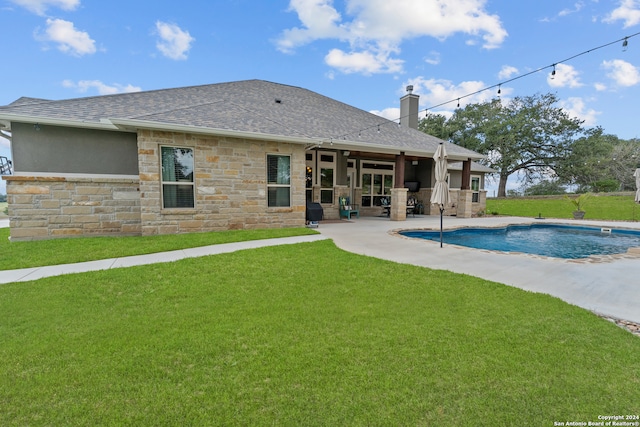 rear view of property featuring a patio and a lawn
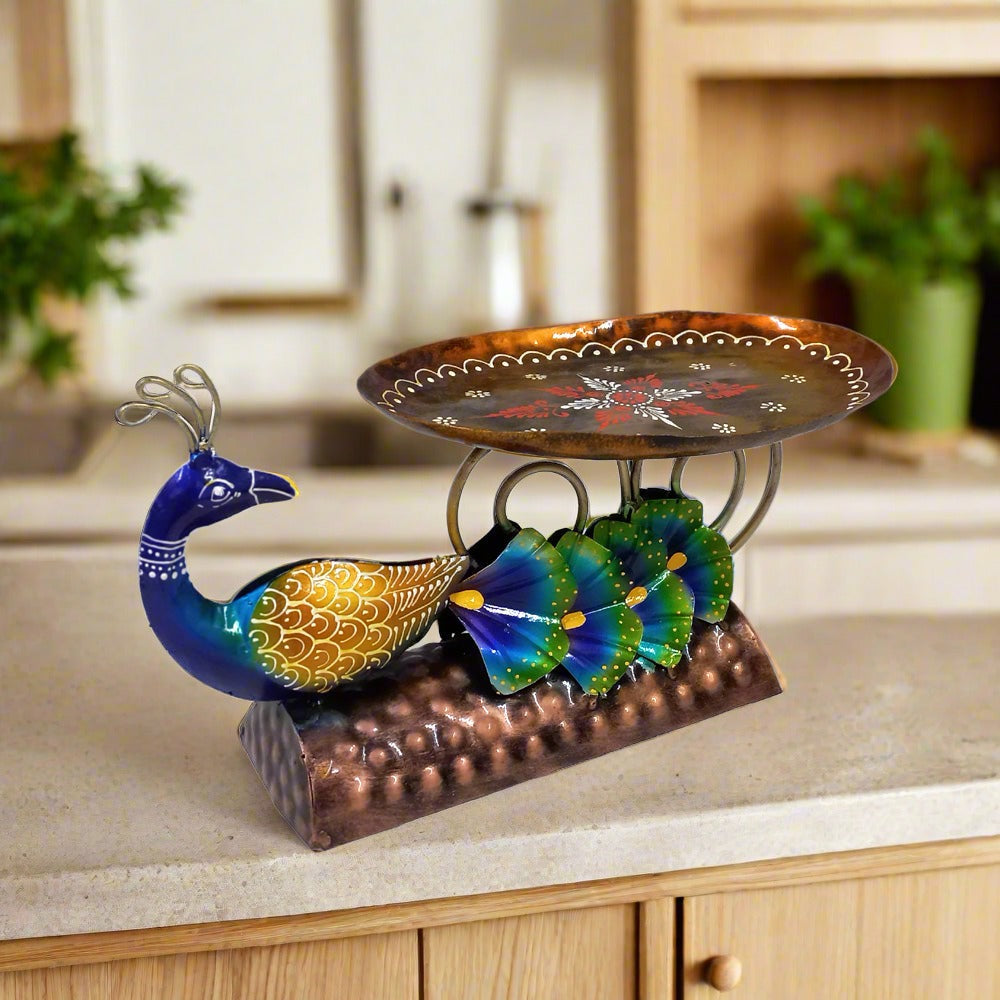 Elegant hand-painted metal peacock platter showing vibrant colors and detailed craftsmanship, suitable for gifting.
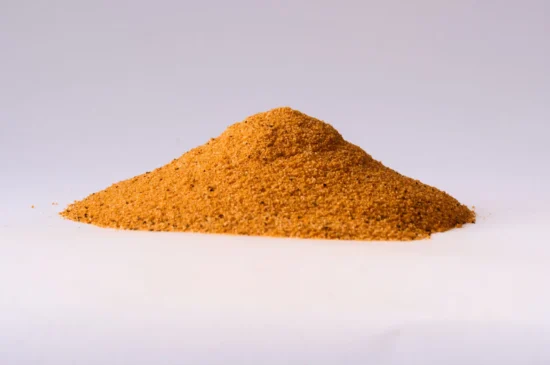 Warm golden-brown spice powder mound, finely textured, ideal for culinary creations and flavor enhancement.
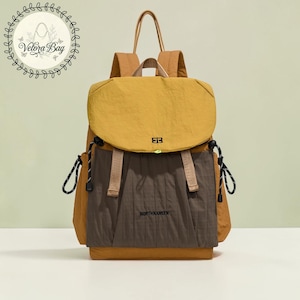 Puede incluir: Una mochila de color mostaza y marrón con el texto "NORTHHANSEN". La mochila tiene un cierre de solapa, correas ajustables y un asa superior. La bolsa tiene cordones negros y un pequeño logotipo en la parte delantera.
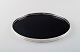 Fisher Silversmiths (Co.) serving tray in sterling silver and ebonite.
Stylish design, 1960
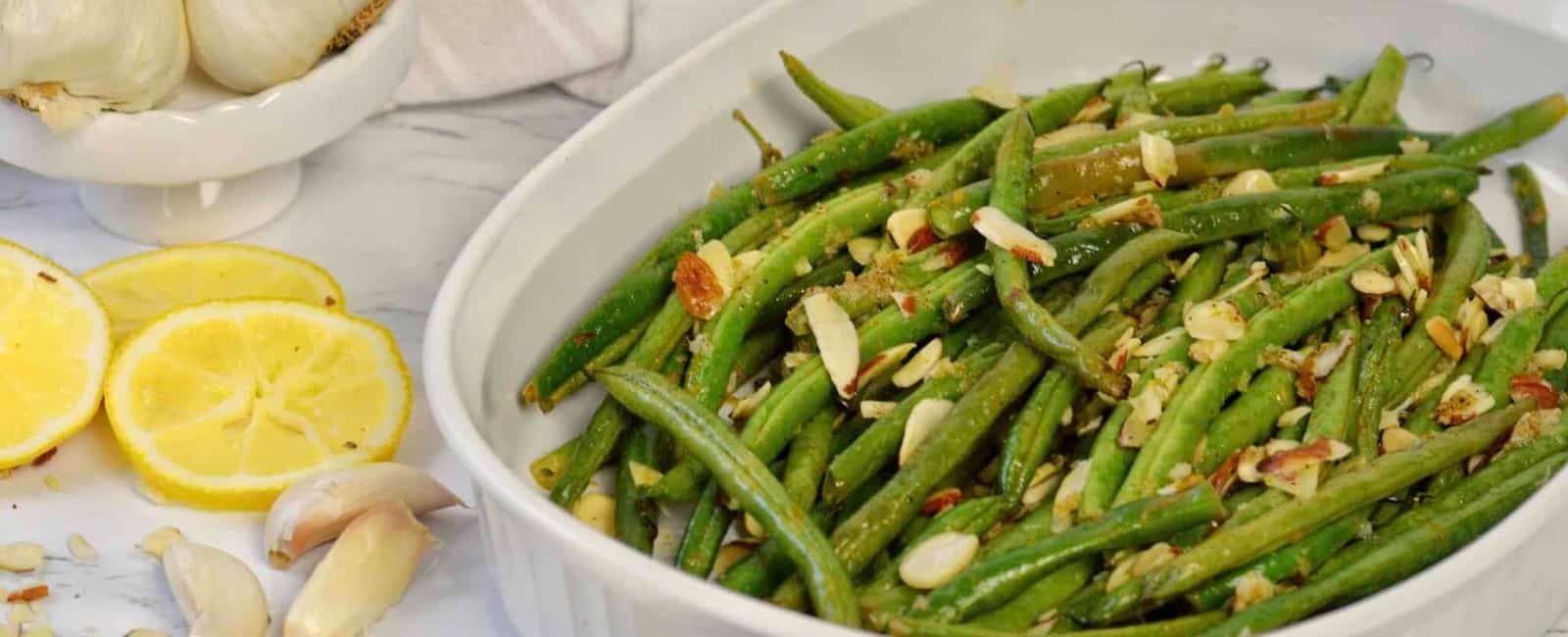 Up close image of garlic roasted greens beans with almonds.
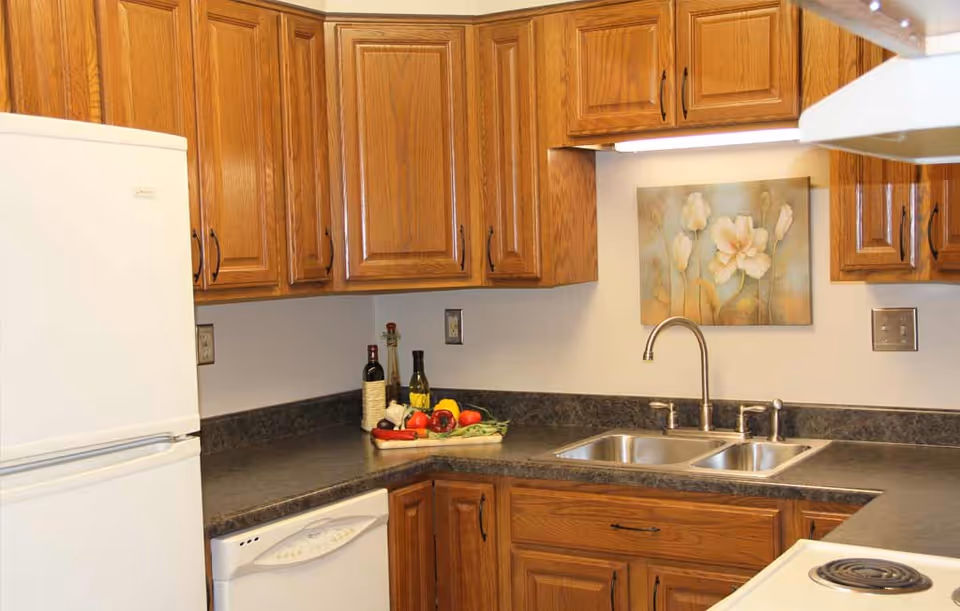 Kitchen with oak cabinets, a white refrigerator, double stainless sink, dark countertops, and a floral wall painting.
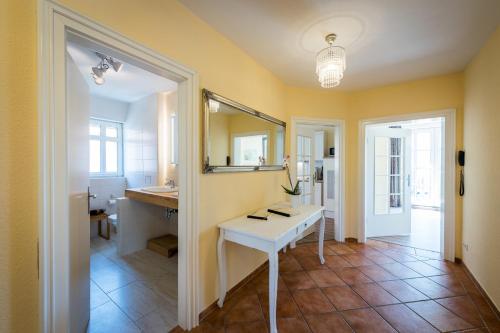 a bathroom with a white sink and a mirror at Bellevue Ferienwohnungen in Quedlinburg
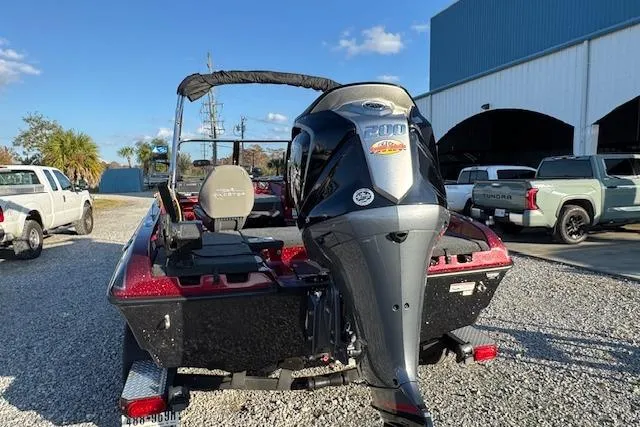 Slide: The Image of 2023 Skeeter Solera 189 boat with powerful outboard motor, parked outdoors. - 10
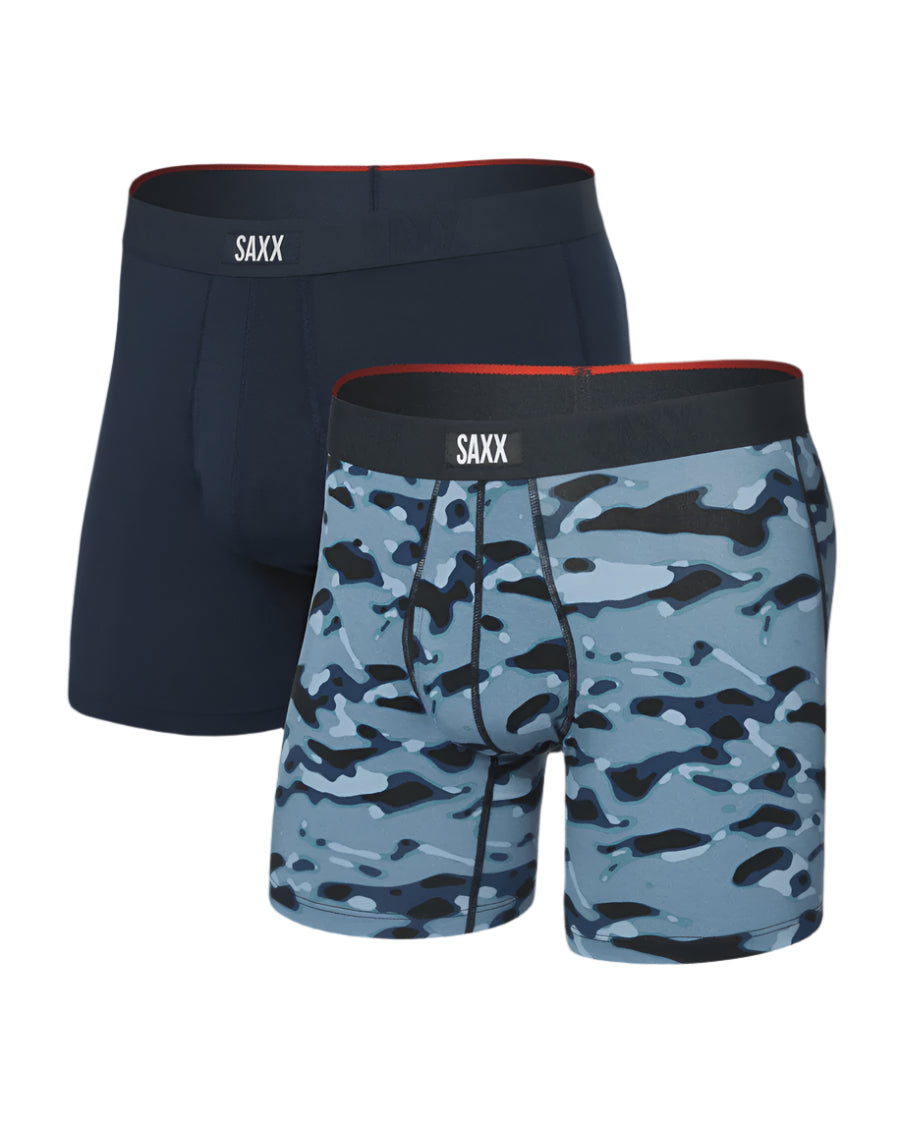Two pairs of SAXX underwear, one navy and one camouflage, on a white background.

- **Your objective**
Within the listing above, the stretch from the line with "Elegant hand-painted metal" down to the line with "Slide: The Image" is to be given again exactly, end lines included and pictures excluded.

- **Your solution**
 Elegant hand-painted metal peacock platter showing vibrant colors and detailed craftsmanship, suitable for gifting.
 Warm golden-brown spice powder mound, finely textured, ideal for culinary creations and flavor enhancement.
 Puede incluir: Una mochila de color mostaza y marrón con el texto "NORTHHANSEN". La mochila tiene un cierre de solapa, correas ajustables y un asa superior. La bolsa tiene cordones negros y un pequeño logotipo en la parte delantera.
 Fisher Silversmiths (Co.) serving tray in sterling silver and ebonite.
Stylish design, 1960
 Up close image of garlic roasted greens beans with almonds.
 Kitchen with oak cabinets, a white refrigerator, double stainless sink, dark countertops, and a floral wall painting.
 a bathroom with a white sink and a mirror at Bellevue Ferienwohnungen in Quedlinburg
 Slide: The Image of 2023 Skeeter Solera 189 boat with powerful outboard motor, parked outdoors. - 10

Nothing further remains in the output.